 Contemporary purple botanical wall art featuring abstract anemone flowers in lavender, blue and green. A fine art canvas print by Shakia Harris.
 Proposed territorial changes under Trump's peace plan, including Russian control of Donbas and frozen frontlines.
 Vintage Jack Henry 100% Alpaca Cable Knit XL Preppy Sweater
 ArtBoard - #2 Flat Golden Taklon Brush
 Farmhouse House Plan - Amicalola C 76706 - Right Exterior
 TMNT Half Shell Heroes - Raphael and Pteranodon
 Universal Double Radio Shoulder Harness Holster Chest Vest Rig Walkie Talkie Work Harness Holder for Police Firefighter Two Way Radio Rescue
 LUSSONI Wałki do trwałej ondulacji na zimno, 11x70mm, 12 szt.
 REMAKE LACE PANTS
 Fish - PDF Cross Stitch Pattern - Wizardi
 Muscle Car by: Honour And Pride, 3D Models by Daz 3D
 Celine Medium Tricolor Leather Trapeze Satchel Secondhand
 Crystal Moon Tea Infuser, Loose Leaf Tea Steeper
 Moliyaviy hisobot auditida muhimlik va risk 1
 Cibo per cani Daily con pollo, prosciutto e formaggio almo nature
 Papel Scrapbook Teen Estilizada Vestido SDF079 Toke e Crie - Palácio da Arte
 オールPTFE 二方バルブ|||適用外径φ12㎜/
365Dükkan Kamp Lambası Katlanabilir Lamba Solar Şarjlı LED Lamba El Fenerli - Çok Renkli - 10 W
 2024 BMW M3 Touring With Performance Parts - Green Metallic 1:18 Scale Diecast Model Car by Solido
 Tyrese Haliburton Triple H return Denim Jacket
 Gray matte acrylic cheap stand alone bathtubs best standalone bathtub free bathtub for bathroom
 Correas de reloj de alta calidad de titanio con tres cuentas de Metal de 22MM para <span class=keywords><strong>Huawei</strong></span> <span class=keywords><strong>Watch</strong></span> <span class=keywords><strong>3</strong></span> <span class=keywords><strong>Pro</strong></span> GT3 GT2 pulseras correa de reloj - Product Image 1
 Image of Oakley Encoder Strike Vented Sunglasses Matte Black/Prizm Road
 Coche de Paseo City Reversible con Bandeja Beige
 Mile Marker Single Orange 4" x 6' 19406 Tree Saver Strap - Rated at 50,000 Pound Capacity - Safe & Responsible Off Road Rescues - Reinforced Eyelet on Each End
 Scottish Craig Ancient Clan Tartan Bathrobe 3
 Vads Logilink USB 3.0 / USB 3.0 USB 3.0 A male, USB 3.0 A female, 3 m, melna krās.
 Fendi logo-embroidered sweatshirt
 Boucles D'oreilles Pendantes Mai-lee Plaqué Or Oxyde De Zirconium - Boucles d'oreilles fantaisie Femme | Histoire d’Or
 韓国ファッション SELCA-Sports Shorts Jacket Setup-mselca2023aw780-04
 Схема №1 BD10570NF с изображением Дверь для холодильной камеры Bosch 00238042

**********

**What the exercise asks**: From the line containing "韓国ファッション SELCA-Sports Shorts" down to the last line of the material, each line is to be retyped exactly; no other lines belong in the answer.

**Answer**:
 韓国ファッション SELCA-Sports Shorts Jacket Setup-mselca2023aw780-04
 Схема №1 BD10570NF с изображением Дверь для холодильной камеры Bosch 00238042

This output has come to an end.